Bristol Branch
Clifton (College Chapel)
Name or Dedication: College Chapel
Location: Clifton, Gloucestershire
Grid Reference: ST570738
Hung in an oak one-bell frame that was formerly home to the Call bell (see below), which was at that time hung for ringing in its place. The bell bears a long Latin inscription on one side and is odd-struck as a result of the additional weight of the lettering. Note that the bell tower at the north-west corner of the chapel is entirely separate from the great octagonal copper-clad lantern that dwarfs it from the roof of the nave.
Above the Chapel bell the three clock bells are hung dead from a steel beam halfway up the belfry.
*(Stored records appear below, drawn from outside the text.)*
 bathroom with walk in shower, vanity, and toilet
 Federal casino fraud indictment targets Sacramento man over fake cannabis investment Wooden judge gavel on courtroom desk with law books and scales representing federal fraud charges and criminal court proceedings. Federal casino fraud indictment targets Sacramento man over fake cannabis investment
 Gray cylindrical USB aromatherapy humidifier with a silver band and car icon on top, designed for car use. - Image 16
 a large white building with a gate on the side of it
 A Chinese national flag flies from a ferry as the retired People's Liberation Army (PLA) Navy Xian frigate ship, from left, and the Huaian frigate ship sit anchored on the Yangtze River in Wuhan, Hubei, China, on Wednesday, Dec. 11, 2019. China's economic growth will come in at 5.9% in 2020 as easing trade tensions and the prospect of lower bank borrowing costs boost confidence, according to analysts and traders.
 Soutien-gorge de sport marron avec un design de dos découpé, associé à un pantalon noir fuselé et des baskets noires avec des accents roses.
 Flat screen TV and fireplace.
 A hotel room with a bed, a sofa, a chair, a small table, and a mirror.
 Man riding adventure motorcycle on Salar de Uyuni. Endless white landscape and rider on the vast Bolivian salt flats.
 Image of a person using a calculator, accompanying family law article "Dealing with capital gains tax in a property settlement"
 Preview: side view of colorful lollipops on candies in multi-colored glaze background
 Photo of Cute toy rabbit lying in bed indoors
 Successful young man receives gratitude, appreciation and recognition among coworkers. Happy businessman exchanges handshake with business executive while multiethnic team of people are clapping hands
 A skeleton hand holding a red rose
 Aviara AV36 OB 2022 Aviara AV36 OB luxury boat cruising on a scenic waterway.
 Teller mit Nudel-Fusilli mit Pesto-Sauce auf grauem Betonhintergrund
The clock movement that sounds them was built at the school to drive the existing dials, and the three bells were provided especially for it. The Call bell now hangs above the other four bells in the north louvre of the belfry, and is provided with a wheel for swing-chiming.
In 1962 an appropriate memento for the centenary of the college was being considered. Two or three of the students at the time were also bell ringers and they thought that a light ring of six bells would be apt. The project progressed as far as obtaining a quote from Taylors, albeit based on a wildly optimistic estimate of the weight of the Chapel bell, but in the end a new stained glass window was provided in the chapel instead, cunningly installed where the sun never shone so the only way to see it is by floodlight.
Bells hung for full-circle ringing
Bell | Weight | Diameter | Note | Founder | Date |
---|---|---|---|---|---|
Chapel | 3¾ cwt | 27 in | E | Llewellins & James | 3rd Feb 1909 |
Additional bells
Bell | Weight | Diameter | Note | Founder | Date |
---|---|---|---|---|---|
Call | 1 cwt | 16 in | E | John Warner & Sons | 1869 |
Quarter #1 | 0-3-12 | 15¼ in | Eb | Gillett & Johnston | 1939 |
Quarter #2 | 1-0-15 | 17½ in | C | Gillett & Johnston | 1939 |
Hour | 1-3-26 | 21½ in | Ab | Gillett & Johnston | 1939 |
Source: All from The Ringing World 4372 (page 140), the Keltek Trust and Will Willans.
Where the exact weight of a bell is known, it is given in the traditional way using the British imperial units of Hundredweight, Quarters and Pounds (cwt-qtr-lb) in which there are 28 pounds in a quarter, four quarters in a hundredweight, and 20 hundredweight in a ton (one hundredweight is equal to approximately 50.8 kilograms). However, if only an approximate or calculated weight is known, it is given to the nearest quarter of a hundredweight.
A bell's diameter is measured across its mouth (open end) at the widest point and is given in inches (to the nearest quarter of an inch), one inch being equal to approximately 2.54 centimetres.